Вот такая печальная беседа с членами коллектива, которого как бы уже и нет. Не в успокоение артистам и не в назидание руководству Союзгосцирка, а исходя исключительно из жизненного опыта и знаний диалектики, утверждаю: ничто не появляется и не исчезает само по себе, вне связи с другими событиями. Исчезновение литовского коллектива как маленького сколочка всей литовской культуры, хотим мы этого или не хотим, понимаем или нет, обедняет нас. Другое дело, что имея печальный опыт этого и многих других национальных цирковых коллективов, стоит ли создавать новые? Не уподобляемся ли мы при этом иным руководителям районного масштаба, которые, переименовав вконец разорившийся колхоз «Рассвет» в «Восход», считают, что тем самым увеличат его урожаи?
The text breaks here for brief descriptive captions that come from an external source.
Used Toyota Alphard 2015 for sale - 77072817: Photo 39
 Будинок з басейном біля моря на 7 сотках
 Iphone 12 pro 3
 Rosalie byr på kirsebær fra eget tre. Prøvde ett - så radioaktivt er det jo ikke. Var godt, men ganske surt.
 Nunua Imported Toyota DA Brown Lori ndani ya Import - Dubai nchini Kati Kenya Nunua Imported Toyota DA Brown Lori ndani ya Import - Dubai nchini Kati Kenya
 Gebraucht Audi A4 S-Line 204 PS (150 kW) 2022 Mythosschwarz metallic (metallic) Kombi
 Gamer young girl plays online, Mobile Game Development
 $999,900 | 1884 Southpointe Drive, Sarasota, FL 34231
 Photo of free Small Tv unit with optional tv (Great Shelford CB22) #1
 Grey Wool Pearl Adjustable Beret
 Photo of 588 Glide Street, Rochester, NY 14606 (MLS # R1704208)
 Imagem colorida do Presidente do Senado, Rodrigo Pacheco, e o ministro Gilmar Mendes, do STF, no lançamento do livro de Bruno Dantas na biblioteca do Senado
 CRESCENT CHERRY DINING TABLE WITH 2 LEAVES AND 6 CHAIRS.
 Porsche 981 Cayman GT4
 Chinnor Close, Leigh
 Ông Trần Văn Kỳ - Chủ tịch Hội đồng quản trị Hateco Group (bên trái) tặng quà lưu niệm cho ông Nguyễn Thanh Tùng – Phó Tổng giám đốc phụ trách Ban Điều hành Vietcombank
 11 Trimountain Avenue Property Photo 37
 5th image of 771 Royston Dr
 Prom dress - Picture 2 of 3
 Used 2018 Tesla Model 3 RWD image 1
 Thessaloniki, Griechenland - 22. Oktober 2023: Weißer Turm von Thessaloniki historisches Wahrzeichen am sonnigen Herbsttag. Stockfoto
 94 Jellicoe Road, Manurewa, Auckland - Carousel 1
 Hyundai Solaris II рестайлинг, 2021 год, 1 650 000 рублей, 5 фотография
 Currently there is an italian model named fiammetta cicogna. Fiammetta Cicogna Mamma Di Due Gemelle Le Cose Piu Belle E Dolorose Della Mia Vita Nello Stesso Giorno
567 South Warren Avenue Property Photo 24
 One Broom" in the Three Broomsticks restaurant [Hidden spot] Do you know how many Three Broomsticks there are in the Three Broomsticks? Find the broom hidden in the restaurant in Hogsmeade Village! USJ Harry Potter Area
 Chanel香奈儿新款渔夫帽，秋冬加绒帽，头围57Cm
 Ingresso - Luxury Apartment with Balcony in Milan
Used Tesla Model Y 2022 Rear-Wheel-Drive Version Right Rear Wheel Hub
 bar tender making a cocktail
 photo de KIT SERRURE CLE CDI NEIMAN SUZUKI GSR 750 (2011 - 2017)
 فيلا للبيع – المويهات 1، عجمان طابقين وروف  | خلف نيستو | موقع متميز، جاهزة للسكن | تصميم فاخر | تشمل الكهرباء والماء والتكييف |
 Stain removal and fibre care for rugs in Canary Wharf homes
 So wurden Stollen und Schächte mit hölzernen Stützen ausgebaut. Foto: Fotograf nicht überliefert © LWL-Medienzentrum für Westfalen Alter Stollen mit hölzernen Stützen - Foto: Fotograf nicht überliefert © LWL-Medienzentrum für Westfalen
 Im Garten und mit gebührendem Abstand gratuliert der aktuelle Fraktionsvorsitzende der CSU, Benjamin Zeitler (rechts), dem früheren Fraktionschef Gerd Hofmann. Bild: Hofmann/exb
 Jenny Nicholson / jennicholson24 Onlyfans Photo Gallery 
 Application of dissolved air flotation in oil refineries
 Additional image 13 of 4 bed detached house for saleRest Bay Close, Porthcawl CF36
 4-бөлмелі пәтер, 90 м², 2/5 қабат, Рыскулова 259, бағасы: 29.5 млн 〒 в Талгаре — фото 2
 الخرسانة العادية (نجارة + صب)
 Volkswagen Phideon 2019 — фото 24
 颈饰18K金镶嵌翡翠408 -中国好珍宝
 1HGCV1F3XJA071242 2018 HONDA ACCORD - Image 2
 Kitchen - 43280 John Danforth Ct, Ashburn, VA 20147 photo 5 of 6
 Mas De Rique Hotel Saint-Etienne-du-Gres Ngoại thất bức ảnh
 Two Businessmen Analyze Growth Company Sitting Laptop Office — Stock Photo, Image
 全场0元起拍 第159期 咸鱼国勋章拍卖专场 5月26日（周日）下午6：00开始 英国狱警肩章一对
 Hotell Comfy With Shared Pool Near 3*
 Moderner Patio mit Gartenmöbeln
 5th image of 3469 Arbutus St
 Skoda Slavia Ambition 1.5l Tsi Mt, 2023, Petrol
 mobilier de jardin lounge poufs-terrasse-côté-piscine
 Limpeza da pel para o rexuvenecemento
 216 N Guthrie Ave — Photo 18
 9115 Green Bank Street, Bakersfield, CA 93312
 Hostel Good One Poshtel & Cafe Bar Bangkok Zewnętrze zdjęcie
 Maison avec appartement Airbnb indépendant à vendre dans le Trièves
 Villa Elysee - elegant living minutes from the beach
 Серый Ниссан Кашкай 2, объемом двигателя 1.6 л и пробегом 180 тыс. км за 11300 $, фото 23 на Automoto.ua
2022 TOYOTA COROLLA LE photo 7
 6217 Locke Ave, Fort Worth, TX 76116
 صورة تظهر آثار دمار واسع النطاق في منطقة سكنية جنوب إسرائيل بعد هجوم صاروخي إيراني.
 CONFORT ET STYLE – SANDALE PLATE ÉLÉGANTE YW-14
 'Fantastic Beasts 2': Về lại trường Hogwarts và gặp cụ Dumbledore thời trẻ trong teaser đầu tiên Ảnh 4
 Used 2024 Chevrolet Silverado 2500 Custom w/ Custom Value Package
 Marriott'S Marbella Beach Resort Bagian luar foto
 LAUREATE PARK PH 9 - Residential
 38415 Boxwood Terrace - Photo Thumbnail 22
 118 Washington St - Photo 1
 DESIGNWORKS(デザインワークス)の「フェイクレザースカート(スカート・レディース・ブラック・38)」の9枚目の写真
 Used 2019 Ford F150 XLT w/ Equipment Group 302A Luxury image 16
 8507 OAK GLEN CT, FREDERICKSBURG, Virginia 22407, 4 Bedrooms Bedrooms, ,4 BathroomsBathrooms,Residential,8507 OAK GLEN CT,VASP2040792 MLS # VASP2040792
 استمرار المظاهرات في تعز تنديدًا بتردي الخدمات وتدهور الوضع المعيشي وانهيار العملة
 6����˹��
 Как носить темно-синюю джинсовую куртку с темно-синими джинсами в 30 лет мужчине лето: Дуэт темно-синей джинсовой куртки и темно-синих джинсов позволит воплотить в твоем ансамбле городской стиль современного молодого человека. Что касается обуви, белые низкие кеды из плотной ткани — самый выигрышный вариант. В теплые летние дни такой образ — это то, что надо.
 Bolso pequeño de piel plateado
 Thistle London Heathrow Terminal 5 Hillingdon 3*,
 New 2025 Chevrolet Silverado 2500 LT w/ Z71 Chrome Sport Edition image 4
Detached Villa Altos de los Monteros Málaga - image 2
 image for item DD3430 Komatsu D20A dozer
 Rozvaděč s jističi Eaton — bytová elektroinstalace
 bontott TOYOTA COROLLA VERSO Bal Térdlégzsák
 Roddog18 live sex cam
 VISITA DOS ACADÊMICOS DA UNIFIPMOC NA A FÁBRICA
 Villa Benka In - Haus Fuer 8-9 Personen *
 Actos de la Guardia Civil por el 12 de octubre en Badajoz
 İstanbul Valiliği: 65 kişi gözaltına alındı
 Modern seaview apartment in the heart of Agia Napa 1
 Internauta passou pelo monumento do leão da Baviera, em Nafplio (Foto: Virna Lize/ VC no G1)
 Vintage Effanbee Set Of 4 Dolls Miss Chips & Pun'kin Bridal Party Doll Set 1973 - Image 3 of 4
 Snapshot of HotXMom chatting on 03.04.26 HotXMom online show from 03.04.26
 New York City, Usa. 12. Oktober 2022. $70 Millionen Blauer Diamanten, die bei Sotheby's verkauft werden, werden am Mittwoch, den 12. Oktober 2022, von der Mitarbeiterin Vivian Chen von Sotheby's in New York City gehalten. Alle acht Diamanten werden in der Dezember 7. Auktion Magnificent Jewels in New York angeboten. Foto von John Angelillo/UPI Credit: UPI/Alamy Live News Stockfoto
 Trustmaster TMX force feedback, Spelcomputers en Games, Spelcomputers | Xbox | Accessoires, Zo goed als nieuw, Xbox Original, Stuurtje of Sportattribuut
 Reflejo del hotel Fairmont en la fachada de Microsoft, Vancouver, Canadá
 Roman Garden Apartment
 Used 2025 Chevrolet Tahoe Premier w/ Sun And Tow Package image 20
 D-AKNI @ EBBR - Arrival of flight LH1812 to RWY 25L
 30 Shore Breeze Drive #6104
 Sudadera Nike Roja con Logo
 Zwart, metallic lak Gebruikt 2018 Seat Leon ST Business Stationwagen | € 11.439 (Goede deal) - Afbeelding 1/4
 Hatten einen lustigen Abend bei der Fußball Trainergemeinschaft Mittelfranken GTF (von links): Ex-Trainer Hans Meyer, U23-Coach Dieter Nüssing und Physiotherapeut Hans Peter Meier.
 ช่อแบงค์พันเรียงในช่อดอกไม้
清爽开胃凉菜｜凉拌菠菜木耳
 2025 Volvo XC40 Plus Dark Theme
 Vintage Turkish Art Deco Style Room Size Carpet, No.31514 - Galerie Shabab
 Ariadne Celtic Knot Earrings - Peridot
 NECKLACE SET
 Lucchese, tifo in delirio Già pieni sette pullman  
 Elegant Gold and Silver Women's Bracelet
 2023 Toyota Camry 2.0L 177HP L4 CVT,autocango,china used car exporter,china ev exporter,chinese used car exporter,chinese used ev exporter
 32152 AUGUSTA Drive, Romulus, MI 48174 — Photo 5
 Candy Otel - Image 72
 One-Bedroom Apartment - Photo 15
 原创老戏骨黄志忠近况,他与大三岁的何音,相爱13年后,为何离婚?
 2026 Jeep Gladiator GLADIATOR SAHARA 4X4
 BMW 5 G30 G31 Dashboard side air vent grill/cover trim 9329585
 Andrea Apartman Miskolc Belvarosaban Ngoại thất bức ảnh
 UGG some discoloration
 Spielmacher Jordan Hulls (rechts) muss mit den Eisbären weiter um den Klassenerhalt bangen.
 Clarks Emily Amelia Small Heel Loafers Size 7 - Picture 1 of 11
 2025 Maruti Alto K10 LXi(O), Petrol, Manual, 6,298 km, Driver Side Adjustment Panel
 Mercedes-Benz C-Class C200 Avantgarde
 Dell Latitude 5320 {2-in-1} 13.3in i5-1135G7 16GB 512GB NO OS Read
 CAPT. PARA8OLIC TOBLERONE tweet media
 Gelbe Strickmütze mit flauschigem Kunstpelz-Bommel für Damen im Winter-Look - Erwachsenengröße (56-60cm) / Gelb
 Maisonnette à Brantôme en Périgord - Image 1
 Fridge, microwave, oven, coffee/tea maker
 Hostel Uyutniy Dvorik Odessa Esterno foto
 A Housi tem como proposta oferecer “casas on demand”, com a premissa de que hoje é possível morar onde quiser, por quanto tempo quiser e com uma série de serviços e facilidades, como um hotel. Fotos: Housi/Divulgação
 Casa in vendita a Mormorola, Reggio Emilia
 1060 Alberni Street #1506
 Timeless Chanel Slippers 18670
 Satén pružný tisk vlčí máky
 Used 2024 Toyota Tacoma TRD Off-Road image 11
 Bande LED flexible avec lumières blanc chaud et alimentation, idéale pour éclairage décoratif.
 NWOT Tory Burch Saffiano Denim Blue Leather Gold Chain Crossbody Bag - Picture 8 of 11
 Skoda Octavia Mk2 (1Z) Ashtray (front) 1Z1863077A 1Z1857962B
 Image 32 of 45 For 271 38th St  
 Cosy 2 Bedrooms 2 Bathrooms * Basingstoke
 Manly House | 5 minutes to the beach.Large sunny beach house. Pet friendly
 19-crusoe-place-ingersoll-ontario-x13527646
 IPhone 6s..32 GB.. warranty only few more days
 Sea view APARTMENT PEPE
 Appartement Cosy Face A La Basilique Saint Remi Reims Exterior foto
Плывя по верхам, поддерживая лишь форму и мало заботясь о содержании, мы уже добились того, что по количеству номеров джигитов на душу населения обошли все наиболее развитые страны мира вместе взятые. При этом большинство номеров как две капли воды похожи друг на друга и даже специалист-этнограф при всем желании с трудом отличит мастеров подбрасывания и ловли папахи из Средней Азии от его коллег с Кавказа или бескрайних равнин Дона и Кубани. При подобном поверхностном подходе к созданию национального номера происходит естественная нивелировка, и уж, простите, оттого, кричит ли человек на манеже «эс-cal или «ух ты1», я все равно не верю, что он осетин или русский. Потому что воплем, лезгинкой или рубахой с петухами, как ни пыжься, все равно национального характера не выразишь. Нужно нечто большее. Это «нечто» менее заметно и более хрупко, но оно-то как раз и определяет истинную цену всего, что видим мы на манеже. Потому что это «нечто» — талант. А настоящий, подлинный талант — не важно, носитель его адыгеец, молдаванин или уйгур — наше общее национальное достояние. И потому все мы отвечаем за него, а не конкретный дядя, выдающий звания или отправляющий за границу. Дяди эти приходят и уходят. А мы, зрители, народ, люди, остаемся. С чем остаемся?